The advisory council doesn’t include any pharma, eligibility or adjudication expertise, actuarial expertise and limited medical expertise. How can a budget chief make any comment about tax impact when he doesn’t know what the eligibility criteria will be, not to mention formulary, co-pay, COB or the adjudication controls?

We spent over $40 million to audit less than $1 million of questionable senator expenses, and the chamber itself lost incalculable credibility capital from the way it handled what should have been a simple administrative review of ambiguous expense guidelines. If this is anything like what our approach to national pharma will be, I say get someone who actually knows how to do this on that advisory panel, or forget it.
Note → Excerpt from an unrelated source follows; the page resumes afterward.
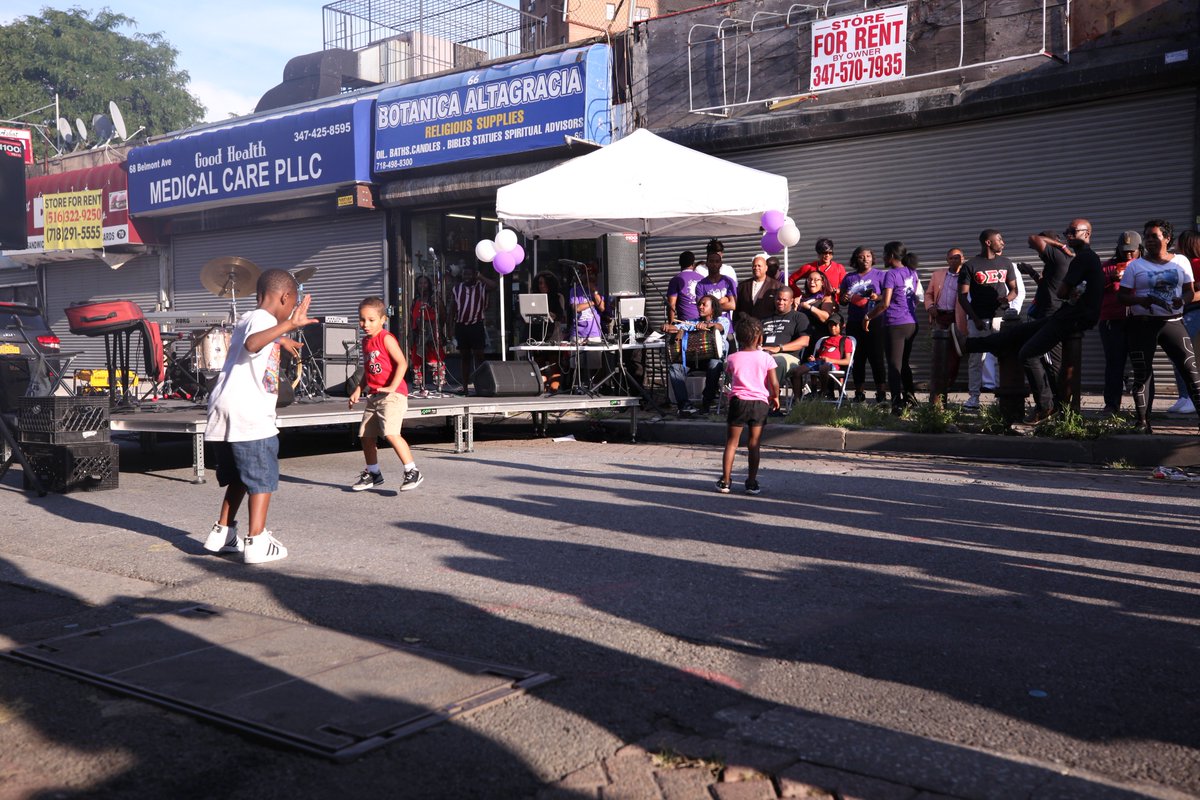 bcjc_brooklyn's tweet photo. Hey BCJC supporters 👋 so far we have raised $1,851 🎉 for the childcare co-op that we're launching and we have 9 days left to raise $4,149 to reach our goal of $6,000, so click the link to share and donate https://t.co/yQa7Ap7Ov6 💜 #SupportYES #Brownsville #BCJC #childcare https://t.co/IvWsaXswzL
Monday, July 16 at 11:36 am | Reply

Vince Pellegrino:

Yes, there is no free lunch. However, overall, I do agree we are best off with a universal drug plan. There will be a cost, but there should also be savings to corporations and their employees that currently pay for drug plans. The insurance premiums for existing employer drug plans should be lessened as a result of a universal drug program. Perhaps a tax on both employers and individuals may be appropriate and would be partly offset by expected insurance premium savings.

Monday, July 16 at 12:07 pm | Reply

Cindy Cavanagh:

I believe that pharmaceutical companies are the real issue. They need to be regulated more and should not be able to charge such high prices for life saving medications. In the long run, when we as a country pay these ridiculous prices, we enable them to keep them so high. Bringing in a countrywide pharmacare program is not really going to help as they are still able to get away with this.

Monday, July 16 at 12:25 pm | Reply

Sarah:

The issue is a very small proportion of private plan members who are unable to afford their high cost medications because their private plans are unable to pool the risk properly. In those cases, if private insurers were regulated to be forced to pool across all plans across the country, suddenly the small plan who is hit by a 100,000 drug per year for their employee will be in a better place to help their employee access the medication that will save their life and keep them at work.

The other issue is the poor and low-income who are unable to pay for even their very cheap medications, even if they have public drug insurance because the deductibles are too high. Those are the same people who also struggle to pay for their food and rent. Is the solution to give them free drugs, or give them free rent and food instead? This warrants a different approach than changing the entire system for the very few who are struggling.

If we are trying to save governments money, that is one thing. Scrap the whole thing and go to bulk buying. But don’t pretend it is for the benefit of those who have no drug insurance.

If we are trying to fill in the gap and make sure no one suffers from having no drugs, well then let’s find a solution to that problem, as I have said above. But let’s not mix up the two (use patients having access to justify governments saving) because the solution in one case will not work in the other.